Ces menaces prennent bien des formes. Parfois, ce sont des puissances géopolitiques qui cherchent à affaiblir nos valeurs. Parfois, c’est la nature qui frappe : sécheresses, inondations, pandémies. Parfois enfin, c’est le simple hasard, qui, sans motif ni logique, met un système à l’épreuve.

Le chantier est immense. Une société qui se veut durable cultive l’anticipation. Elle développe sa résilience. Non par peur, mais par responsabilité. Elle sait que le destin ne s’annonce pas en fanfare. Il ne toque pas à la porte, il la défonce. La résilience n’est pas un réflexe, mais une discipline quotidienne. Elle exige un État capable de penser à long terme, des institutions robustes, et des citoyens formés, engagés.

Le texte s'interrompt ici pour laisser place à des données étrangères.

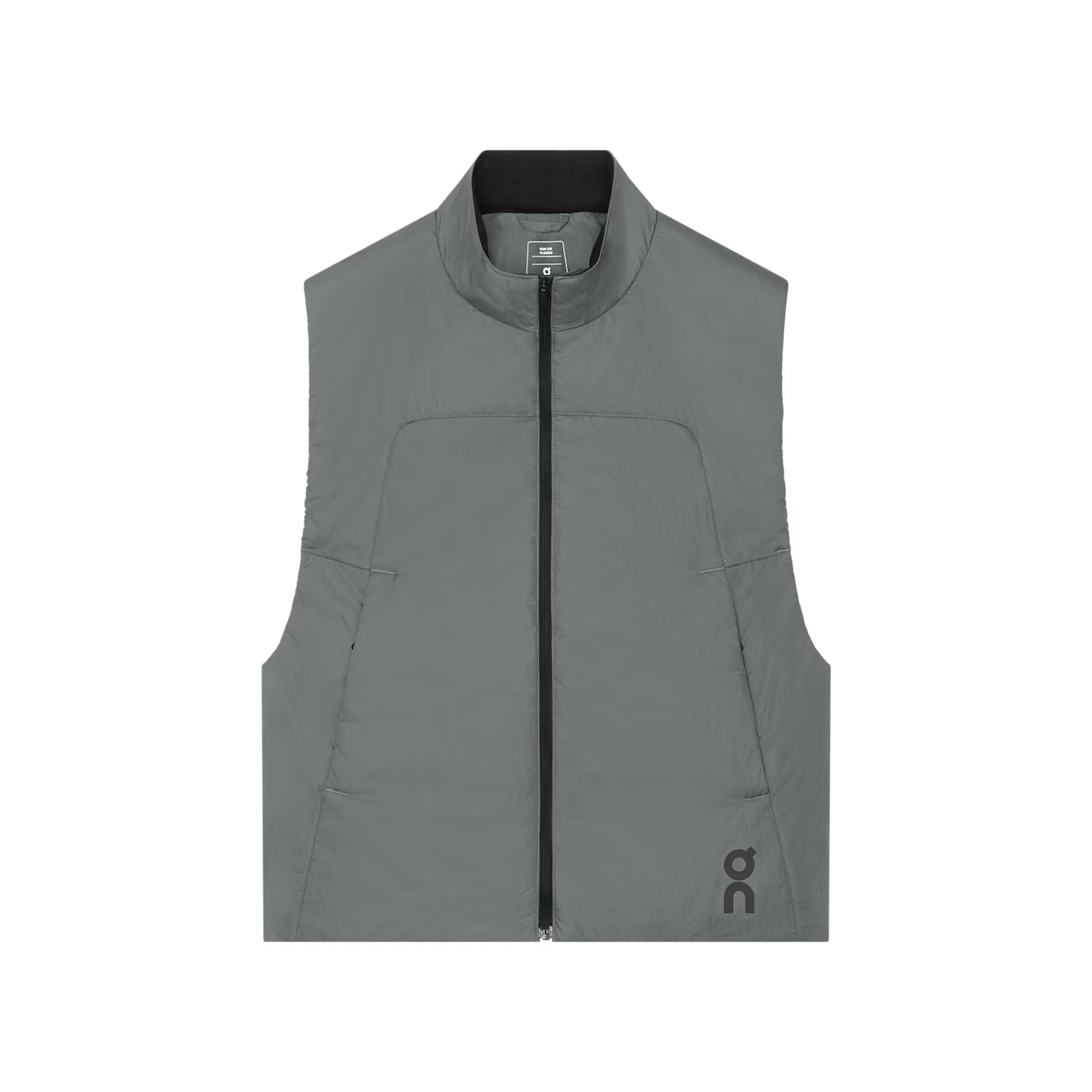 On Performance Volt Vest Glacier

Le mot « résilience » est aujourd’hui omniprésent, mais rarement compris, encore moins mis en œuvre. Des plans existent - à l’OTAN, au niveau européen, en Belgique - mais ils sont fragmentés, méconnus, et peu traduits dans la vie quotidienne. Dans certaines communes flamandes, des programmes pilotes encouragent déjà la constitution de kits d’urgence, des formations aux premiers secours, ou des exercices de gestion de crise. Mais ces initiatives restent trop rares.

Ces plans ne concernent d’ailleurs pas uniquement les affaires militaires. En Belgique, des simulations montrent que certains centres de données critiques ne disposent que de quelques jours d’autonomie énergétique. En 2022, la cyberattaque contre l’hôpital de Jolimont a paralysé les soins pendant plusieurs jours. Et la crise logistique post-Covid a révélé la vulnérabilité de nos chaînes d’approvisionnement “just-in-time”. Ces éléments essentiels du débat restent largement absents de la sphère publique. Il est temps d’y remédier.

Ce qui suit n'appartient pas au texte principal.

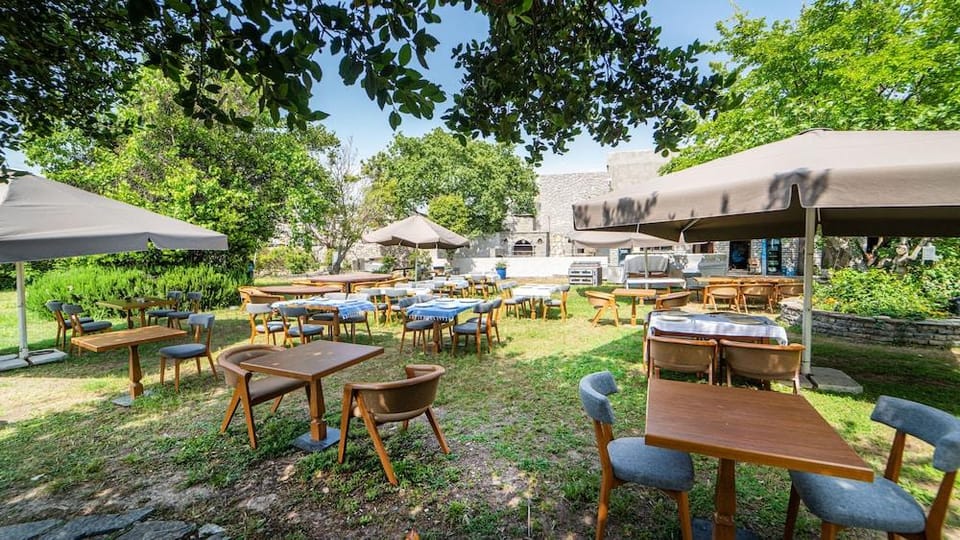 Almina Garden Boutique Hotel in Yalıkavak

Nous voulons rendre cette réflexion tangible. Pas en la simplifiant, mais en la clarifiant. Pas en la réservant aux technocrates, mais en l’ouvrant à tous. Car la résilience n’est pas qu’une affaire d’experts ou de décideurs : elle nous concerne toutes et tous. Ce débat doit être compréhensible pour les citoyens, utile aux responsables politiques, applicable par les administrations, et alimenté dans l’espace public. C’est dans cet esprit que nous écrivons.

Il ne s’agira pas d’une série d’articles alarmistes. Nous faisons le choix d’un mot exigeant - résilience - plutôt que d’une illusion : celle de l’invulnérabilité. Car rien d’humain n’est invulnérable. Mais les individus comme les institutions peuvent s’adapter, plier sans rompre, apprendre à se corriger avant que tout ne déraille. Encore faut-il en tirer des leçons après coup : ce qui a fonctionné, ce qui a échoué, ce qu’il faudra faire autrement la prochaine fois.

Il ne suffit pas que quelques experts rédigent des plans dans un bureau. Il faut que ces plans résonnent chez les enseignants, les entrepreneurs, les familles. Nous vous invitons non seulement à lire, mais à réfléchir, débattre, contester - car la résilience est une affaire collective, vivante, partagée.